Franklin Upshur (November 27, 1875 – August 16, 1965) was an American politician and lawyer. He served in the Maryland House of Delegates in 1924 and as state's attorney of Worcester County, Maryland from 1947 to 1951.

Early life
Franklin Upshur was born on November 27, 1875, in Snow Hill, Maryland to Emma (née Franklin) and George M. Upshur. His grandfather was John Rankin Franklin. He graduated from Princeton University in 1897 and he graduated from the University of Maryland School of Law in 1899.

Career
Around 1900, Upshur became an assistant state's attorney in Baltimore. By 1909, he was practicing law with his father in Snow Hill under the law firm Upshur and Upshur.

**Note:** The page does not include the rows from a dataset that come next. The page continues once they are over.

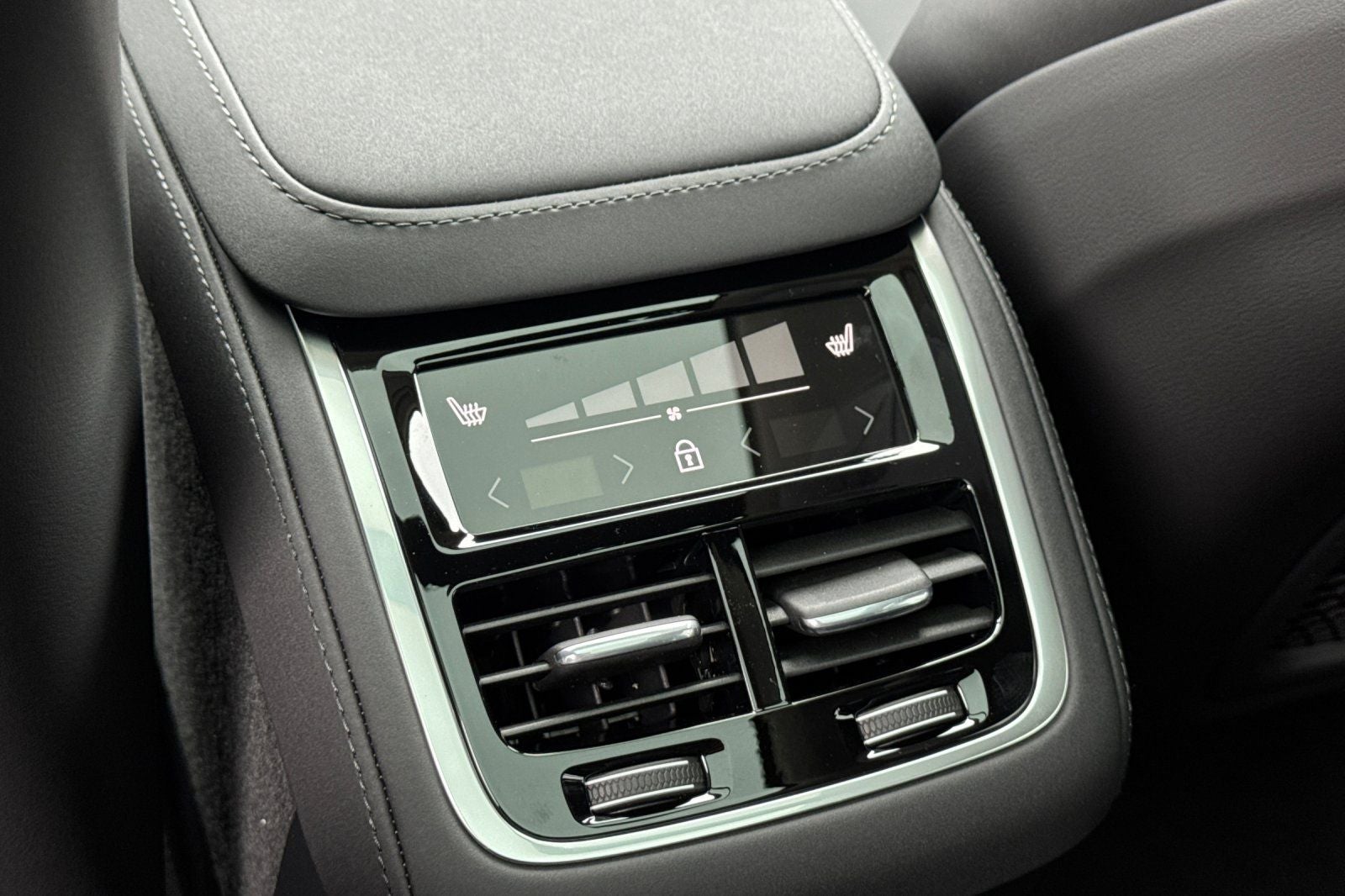 2026 Volvo XC90 B5 Plus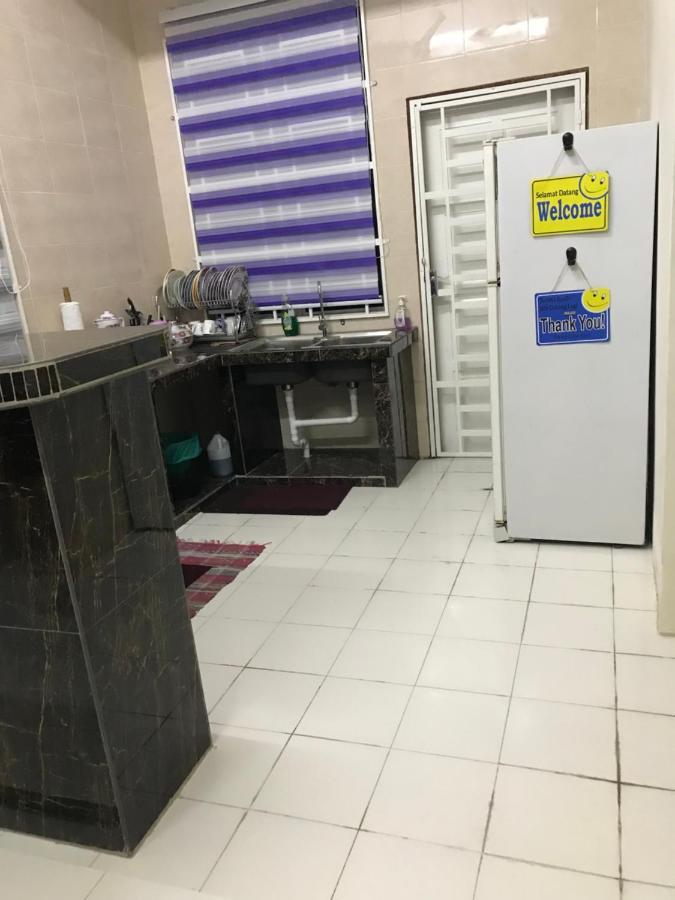 Hj Homestay Куала Теренгану Екстериор снимка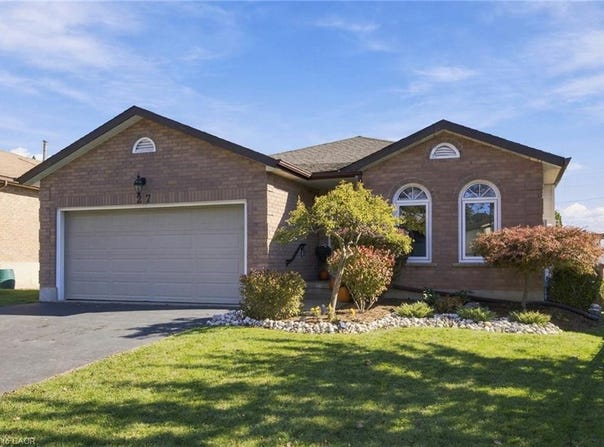27 Costain Court, Waterloo, ON, Kitchener, Ontario N2N-3A5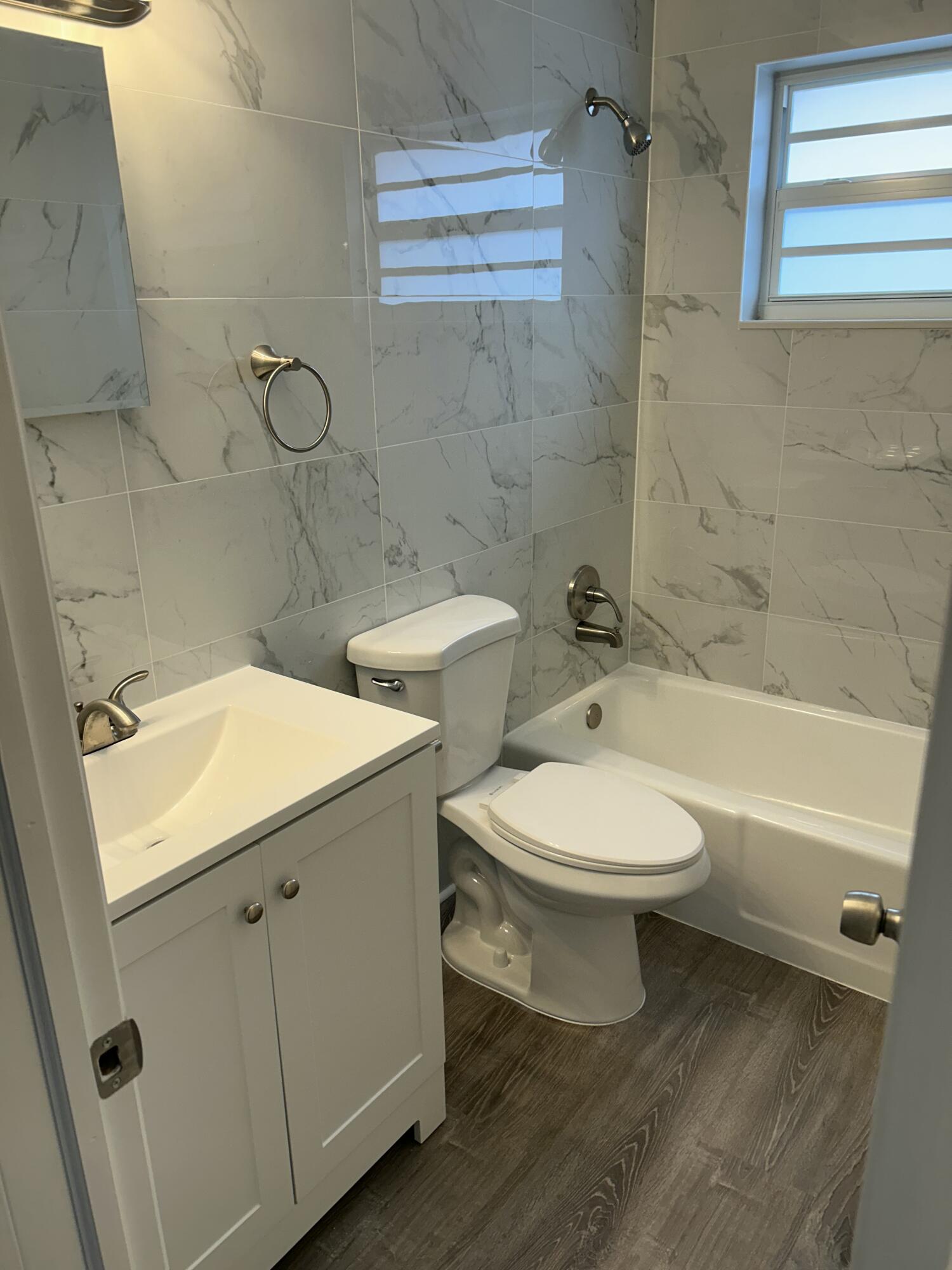 LAKE WORTH TOWN OF - Residential Lease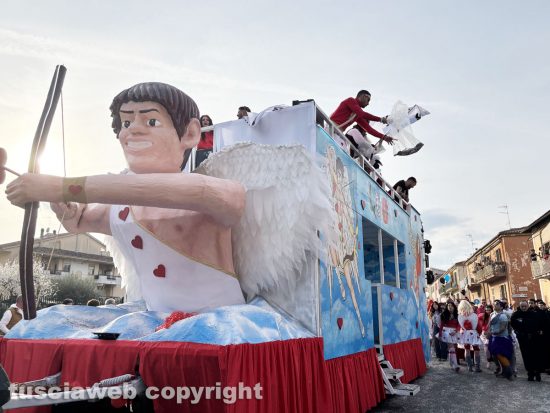 Civita Castellana - La seconda sfilata del Carnevale 2025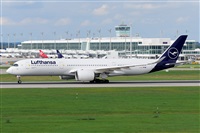 �Miguel A. �gueda Rguez.  (CANARY ISLANDS SPOTTING). Click to see full size photo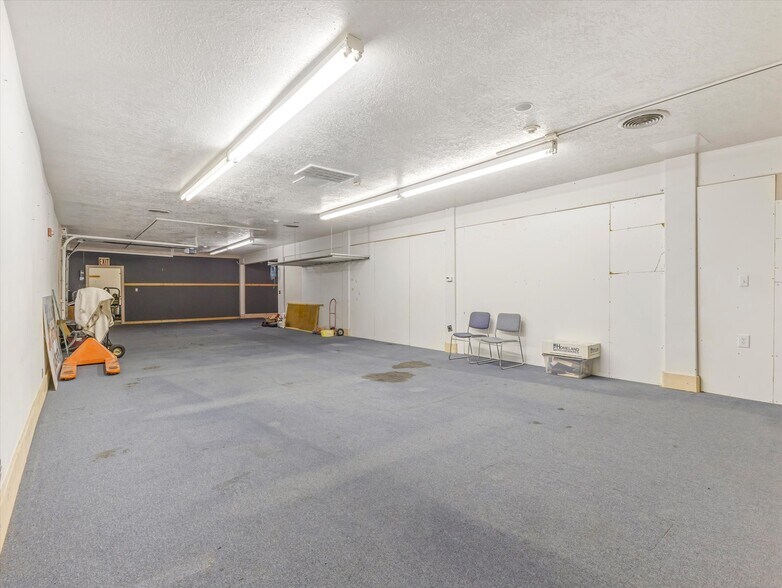More Photos Of 1355 W 465 S, Orem Manufacturing For Sale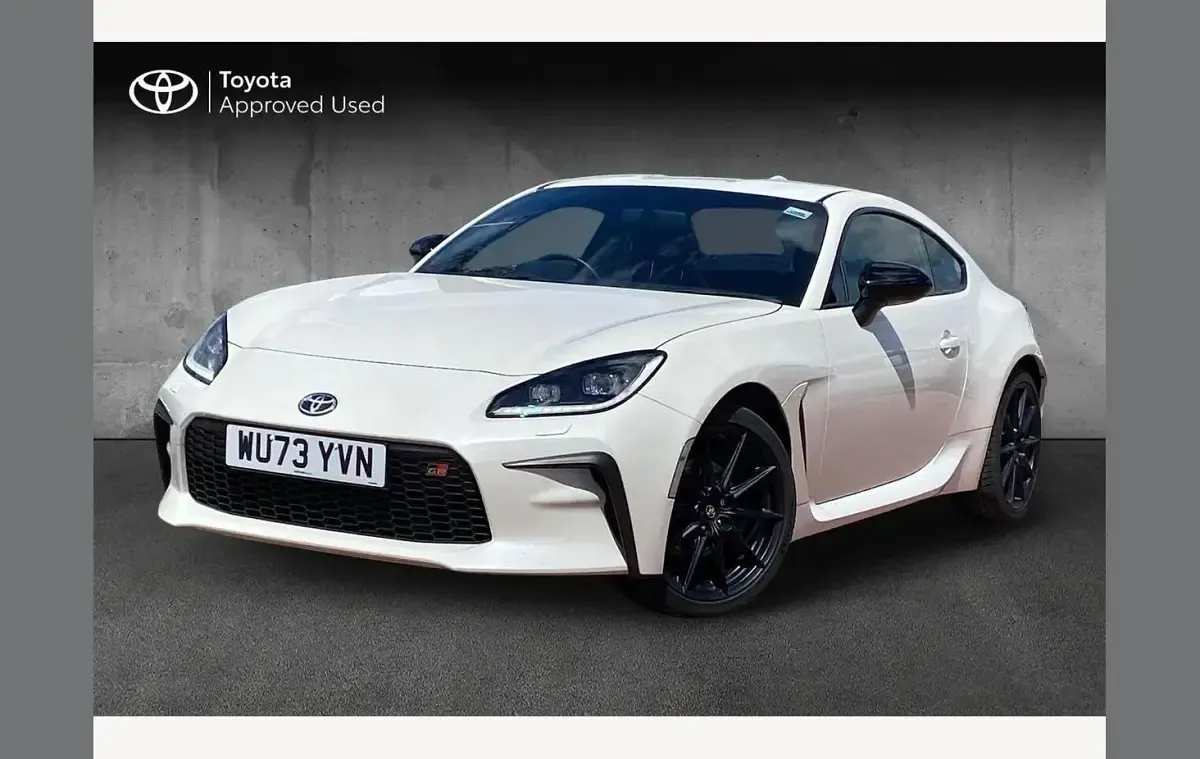 Used Toyota GR86 235 HP (172 kW) 2023 White Coupe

Upshur was a Democrat. Upshur served in the Maryland House of Delegates in 1924. In 1933, Upshur worked for the Worcester County Public Schools. In 1926, Upshur ran against Thomas Alan Goldsborough for a seat in the United States House of Representatives. He ran to modify or repeal the Volstead Act and advocated for a tariff on tomatoes. Goldsborough defeated Upshur in the Democratic primary.

Upshur served as state's attorney in Worcester County, Maryland from 1947 to 1951.

Personal life
Upshur married Ethelyn Wilson, daughter of Ephraim King Wilson II, of Baltimore on June 23, 1909. She died in 1957. He had one daughter, Ann.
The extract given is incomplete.